Start of Given entries

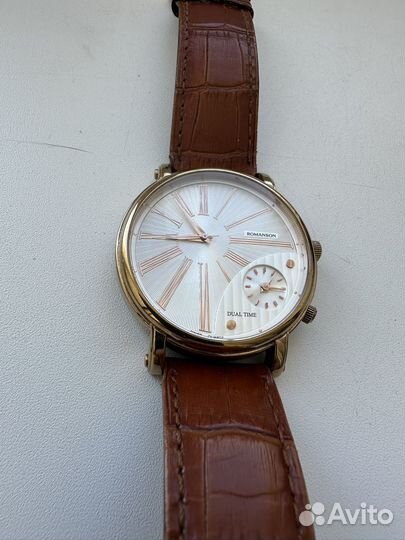 Часы Romanson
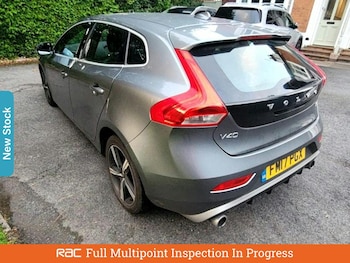 Used Volvo V40 2017 for sale - 76035251: Photo 2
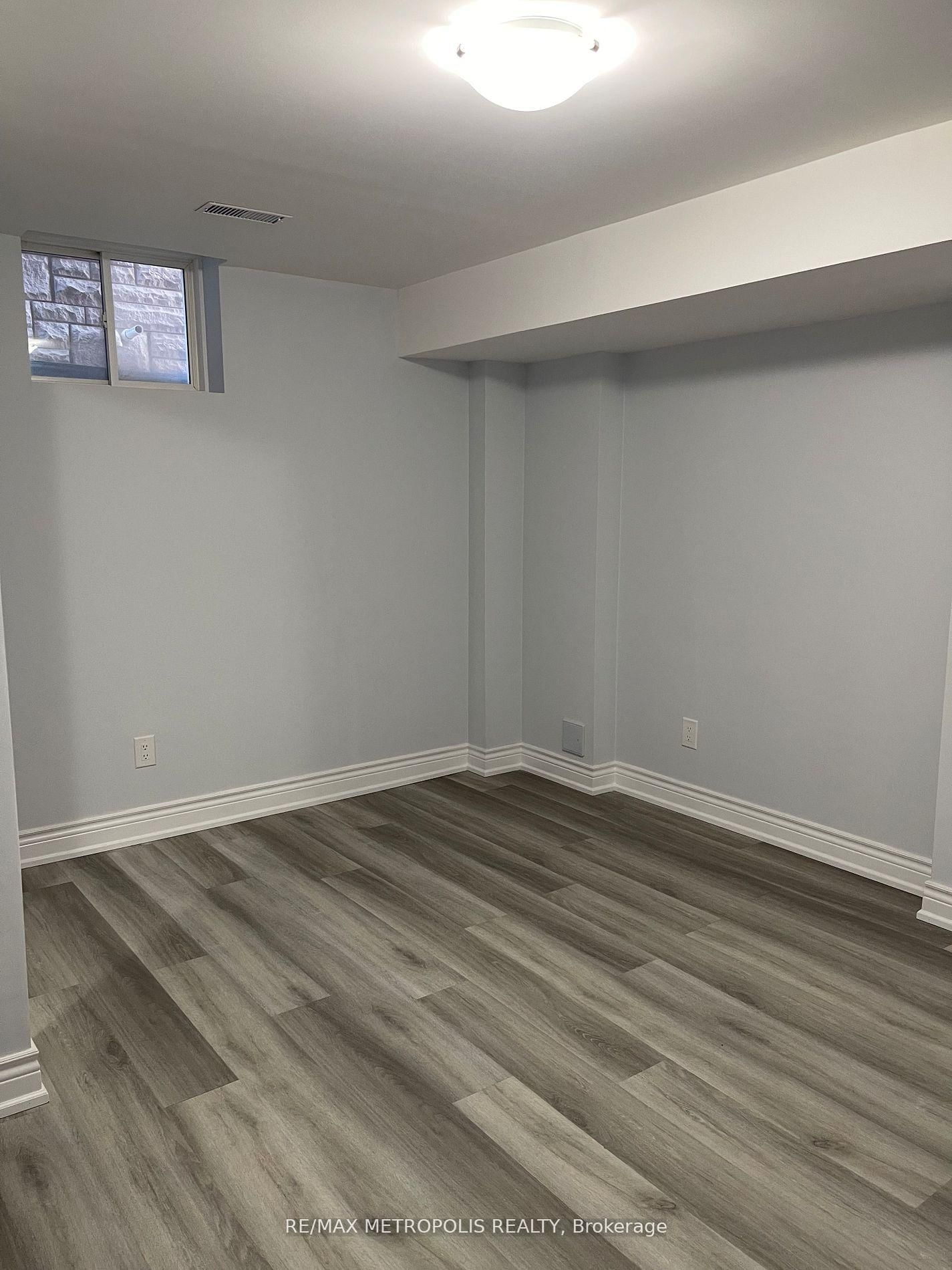 BSMT - 272 CORNELL PARK Avenue, Markham 4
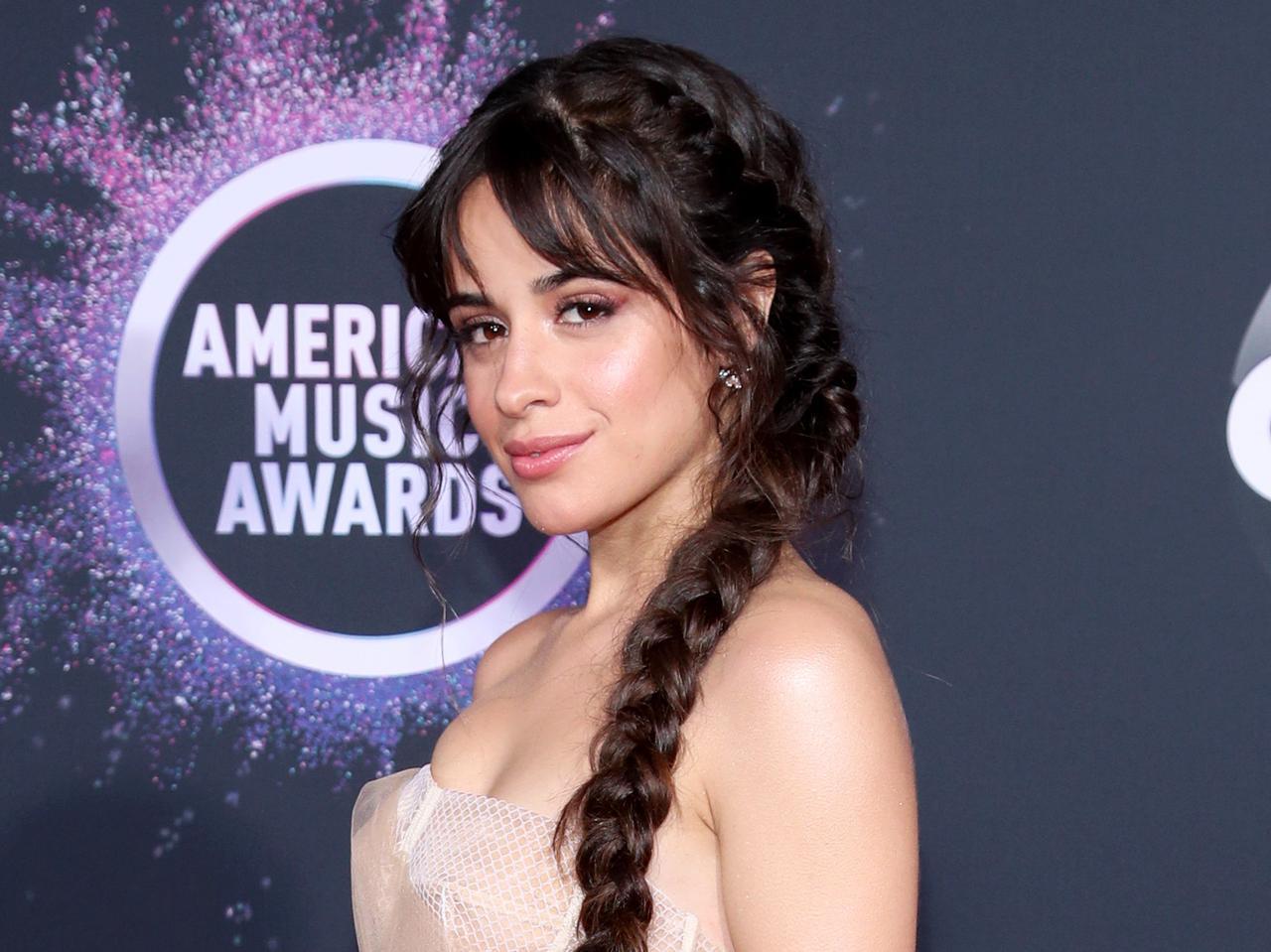 カミラ・カベロ、『シンデレラ』の名シーンを再現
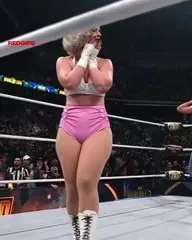 Toni Storm - Video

End of Given entries

#### Your instructions
Everything in the listing above must be retyped exactly, except for the pictures.

#### Task solution
 Часы Romanson
 Used Volvo V40 2017 for sale - 76035251: Photo 2
 BSMT - 272 CORNELL PARK Avenue, Markham 4
 カミラ・カベロ、『シンデレラ』の名シーンを再現
 Toni Storm - Video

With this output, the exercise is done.